Input data.
Start of Block
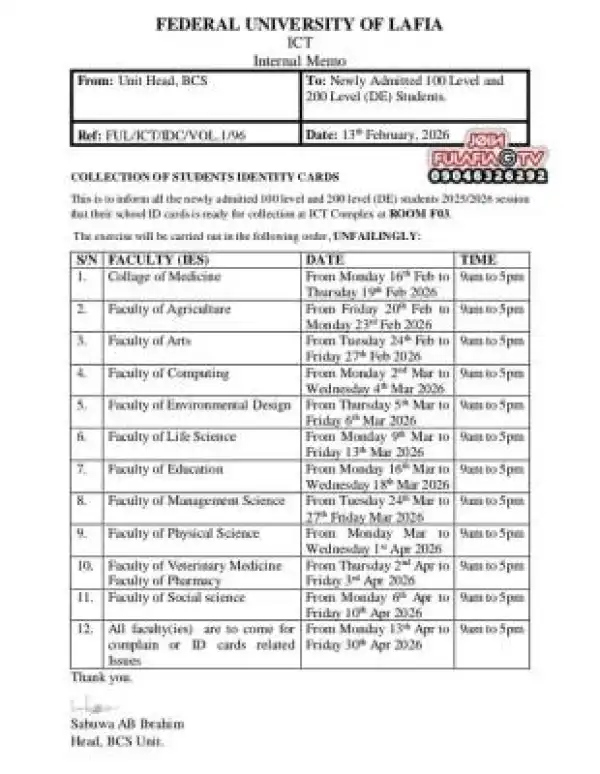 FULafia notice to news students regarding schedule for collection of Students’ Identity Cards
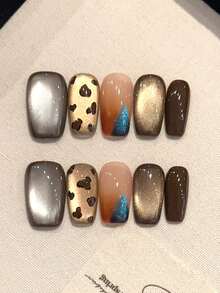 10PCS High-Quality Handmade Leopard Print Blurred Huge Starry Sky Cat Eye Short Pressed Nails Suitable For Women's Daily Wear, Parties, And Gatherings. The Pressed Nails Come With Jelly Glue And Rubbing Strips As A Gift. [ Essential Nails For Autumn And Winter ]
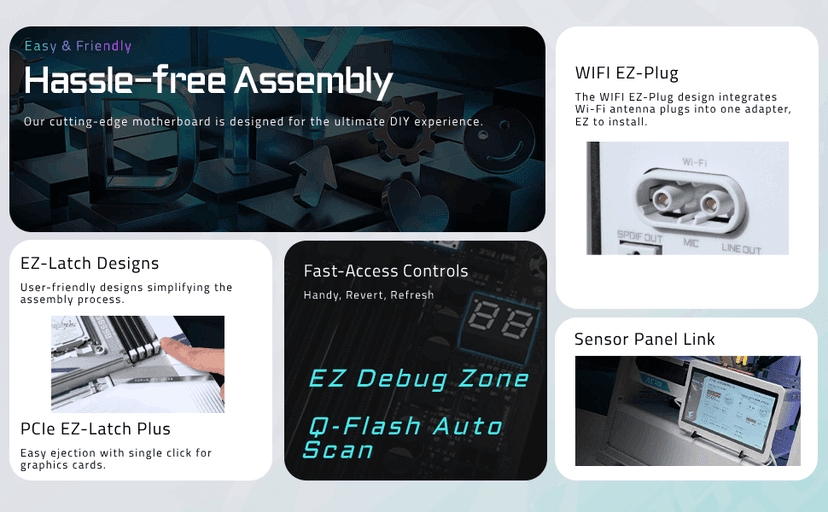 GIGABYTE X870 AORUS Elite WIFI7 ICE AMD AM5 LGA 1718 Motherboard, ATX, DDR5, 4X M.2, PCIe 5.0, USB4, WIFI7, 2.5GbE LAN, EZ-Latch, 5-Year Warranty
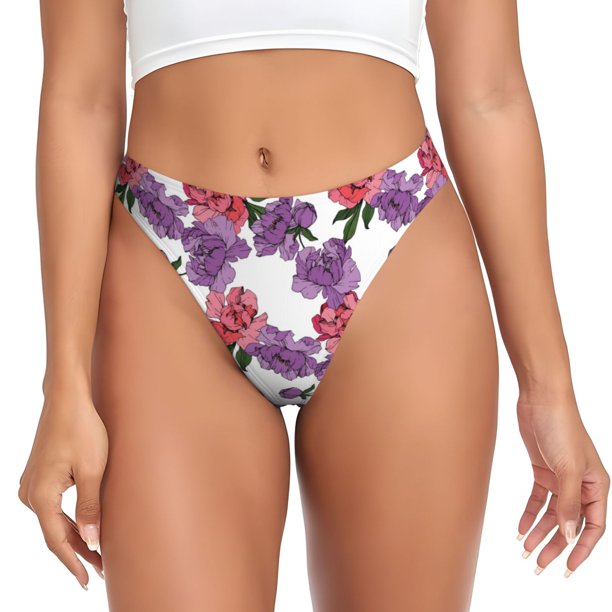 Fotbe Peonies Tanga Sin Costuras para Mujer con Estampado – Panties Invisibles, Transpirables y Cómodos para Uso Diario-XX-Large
End of Block
Work to be completed. Line by line and exactly, write out the material above. Skip the pictures.

Written response.
 FULafia notice to news students regarding schedule for collection of Students’ Identity Cards
 10PCS High-Quality Handmade Leopard Print Blurred Huge Starry Sky Cat Eye Short Pressed Nails Suitable For Women's Daily Wear, Parties, And Gatherings. The Pressed Nails Come With Jelly Glue And Rubbing Strips As A Gift. [ Essential Nails For Autumn And Winter ]
 GIGABYTE X870 AORUS Elite WIFI7 ICE AMD AM5 LGA 1718 Motherboard, ATX, DDR5, 4X M.2, PCIe 5.0, USB4, WIFI7, 2.5GbE LAN, EZ-Latch, 5-Year Warranty
 Fotbe Peonies Tanga Sin Costuras para Mujer con Estampado – Panties Invisibles, Transpirables y Cómodos para Uso Diario-XX-Large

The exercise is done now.